Bove était un expert des réseaux téléphoniques.  À la demande de procureurs du ministère public de Milan, il avait eu recours aux données sur les communications de téléphones mobiles pour retracer les membres d’une équipe de la CIA et du SISMI (la CIA italienne) qui avaient enlevé en février 2003 l’écclésiastique Abu Omar et l’avaient emmené au Caire où il a été torturé.  On soupçonnait Omar de recruter des islamistes.

Au début, la presse italienne affirme que c’est un suicide et cite des «sources anonymes» pour soutenir que l’homme de 42 ans était très déprimé et inquiet car son inculpation par le ministère public de Milan était imminent.  Ce dernier a remis les horloges à l’heure : Bove n’était pas ciblé, il était sa principale source d’information et contribuait à l’enquête sur ses patrons à la Telecom Italia qui avaient installé un logiciel espion dans le réseau.  Autre fait : on n’a jamais retrouvé de lettre de suicide. 

En août dernier, les journalistes Paolo Pontoniere et Jeffrey Klein rappellent le cas Bove et un cas semblable, celui de Costas Tsalikidis, un ingénieur en logiciel de 38 ans travaillant pour le compte de Vodaphone Grèce.  En mars 2005, Tsalikidis découvre un logiciel espion très perfectionné installé dans le réseau de téléphonie mobile de Vodaphone. 

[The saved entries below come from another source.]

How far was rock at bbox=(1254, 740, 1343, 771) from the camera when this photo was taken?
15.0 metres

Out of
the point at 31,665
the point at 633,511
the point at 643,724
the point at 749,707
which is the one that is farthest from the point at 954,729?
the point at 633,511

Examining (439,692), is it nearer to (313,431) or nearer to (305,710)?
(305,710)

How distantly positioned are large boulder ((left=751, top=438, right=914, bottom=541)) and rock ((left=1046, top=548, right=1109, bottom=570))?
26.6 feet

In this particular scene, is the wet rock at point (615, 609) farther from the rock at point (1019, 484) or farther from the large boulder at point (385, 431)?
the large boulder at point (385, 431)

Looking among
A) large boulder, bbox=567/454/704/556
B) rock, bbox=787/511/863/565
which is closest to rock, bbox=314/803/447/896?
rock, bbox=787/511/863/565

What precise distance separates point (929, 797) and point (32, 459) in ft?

Les cibles sont multiples : le premier ministre grec et des membres de son cabinet, le téléphone mobile de la voiture du chef des services secrets grecs, ceux de militants des droits, du leader de la coalition grecque anti-guerre, des journalistes, des hommes d’affaires arabes opérant depuis Athènes.  D’après ce que Tsalikidis peut conclure, cette opération de surveillance aurait commencé deux mois avant le début des jeux olympiques de 2004 qui se tenaient en Grèce.  (Voir Two Strange Deaths in European Wiretapping Scandal, AlterNet, 19 août 2006).

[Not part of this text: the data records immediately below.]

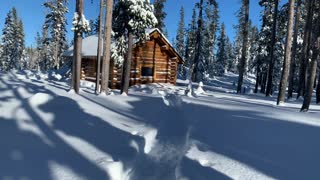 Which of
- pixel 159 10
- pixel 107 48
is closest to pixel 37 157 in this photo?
pixel 107 48

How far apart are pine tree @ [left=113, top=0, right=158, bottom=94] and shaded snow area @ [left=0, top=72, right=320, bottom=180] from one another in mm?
8755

Mais le 9 mars 2005, la mère de Tsalikidis le retrouve pendu dans son appartement.  Selon sa famille et ses proches il était très motivé par son travail et allait dans peu de temps épouser sa copine de longue date.  Malgré des constats troublants sur la scène du suicide, les autorités ont déclaré qu’il s’agissait d’un suicide.  Autre fait : on n’a jamais retrouvé de lettre de suicide. 

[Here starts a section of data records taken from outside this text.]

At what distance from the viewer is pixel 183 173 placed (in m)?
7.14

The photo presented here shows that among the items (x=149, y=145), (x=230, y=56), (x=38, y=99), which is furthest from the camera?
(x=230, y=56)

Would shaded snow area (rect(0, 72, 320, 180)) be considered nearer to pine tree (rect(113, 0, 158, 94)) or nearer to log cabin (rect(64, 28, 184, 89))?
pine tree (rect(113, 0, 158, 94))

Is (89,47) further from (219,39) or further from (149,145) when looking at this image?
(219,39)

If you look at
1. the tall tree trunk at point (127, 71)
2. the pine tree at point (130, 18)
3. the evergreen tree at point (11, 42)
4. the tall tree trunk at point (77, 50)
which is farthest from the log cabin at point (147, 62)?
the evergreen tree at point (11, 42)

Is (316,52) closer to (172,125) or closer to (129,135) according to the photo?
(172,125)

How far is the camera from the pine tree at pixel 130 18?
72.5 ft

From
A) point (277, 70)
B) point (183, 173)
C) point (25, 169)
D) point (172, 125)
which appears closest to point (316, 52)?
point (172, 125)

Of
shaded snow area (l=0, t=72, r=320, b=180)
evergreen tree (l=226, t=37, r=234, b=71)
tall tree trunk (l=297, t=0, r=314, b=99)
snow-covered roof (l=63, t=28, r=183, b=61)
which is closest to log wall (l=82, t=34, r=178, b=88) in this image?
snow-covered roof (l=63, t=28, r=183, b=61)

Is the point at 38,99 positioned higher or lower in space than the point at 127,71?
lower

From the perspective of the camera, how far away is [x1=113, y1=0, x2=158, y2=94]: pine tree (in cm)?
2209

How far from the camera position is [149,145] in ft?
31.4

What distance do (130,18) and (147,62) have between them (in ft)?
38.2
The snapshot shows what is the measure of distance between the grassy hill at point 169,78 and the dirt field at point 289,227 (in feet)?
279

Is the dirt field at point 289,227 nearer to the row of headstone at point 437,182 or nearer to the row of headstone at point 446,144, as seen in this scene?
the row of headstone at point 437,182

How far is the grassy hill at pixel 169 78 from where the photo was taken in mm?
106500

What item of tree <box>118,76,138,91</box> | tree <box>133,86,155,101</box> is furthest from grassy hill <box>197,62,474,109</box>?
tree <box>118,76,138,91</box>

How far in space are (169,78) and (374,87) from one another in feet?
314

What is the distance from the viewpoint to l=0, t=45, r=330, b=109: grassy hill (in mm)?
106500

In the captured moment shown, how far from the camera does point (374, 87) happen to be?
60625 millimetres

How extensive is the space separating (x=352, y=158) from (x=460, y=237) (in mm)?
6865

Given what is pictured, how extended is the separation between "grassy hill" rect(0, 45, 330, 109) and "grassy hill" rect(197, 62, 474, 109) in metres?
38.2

Le lendemain, le premier dirigeant de Vodaphone Grèce a informé le premier ministre que des inconnus avaient illégalement espionné les communications de hauts responsables du gouvernement.  Mais avant de divulguer cette information, le responsable de Vodaphone a fait détruire le logiciel espion, privant ainsi les enquêteurs d’indices précieux.

Pontoniere et Klein qui ont étudié ces deux cas tirent des conclusions et font des rapprochements.

Au terme d’une enquête officielle de 11 mois sur le cas de Vodaphone Grèce, on a conclu que le logiciel espion transmettait les conversations en temps réel vers quatre antennes situées à proximité de l’ambassade des États-Unis à Athènes, et que certaines de ces transmissions étaient acheminées vers un numéro de téléphone à Laurel (Maryland), près du siège de la National Security Agency.

D’après le journal grec Ta Nea, le dirigeant de Vodaphone avait informé en privé le premier ministre grec que les responsables de l’écoute illégale étaient des «agents des États-Unis», mais craignant des remous intérieurs et un affrontement diplomatique avec les États-Unis, le premier ministre avait demandé au patron de Vodaphone de ne pas divulguer cette information.

Enfin, les logiciels espions utilisés en Italie et en Grèce étaient très perfectionnés.  Leur création avait dû nécessiter des ingénieurs de haut niveau, des laboratoires coûteux, et aussi un espace de test pour le mettre à l’essai sur un réseau national.  De plus, une fois installés dans un réseau téléphonique, les logiciels pouvaient intégrer les plate-formes de manière à avoir accès aux téléphones mobiles, aux connexions fixes et aux connexions Internet commutées ou DSL.

Reste à voir si les révélations d’aujourd’hui sur Telecom Italia et les interrogatoires des principaux inculpés serviront à faire la lumière sur ces cas.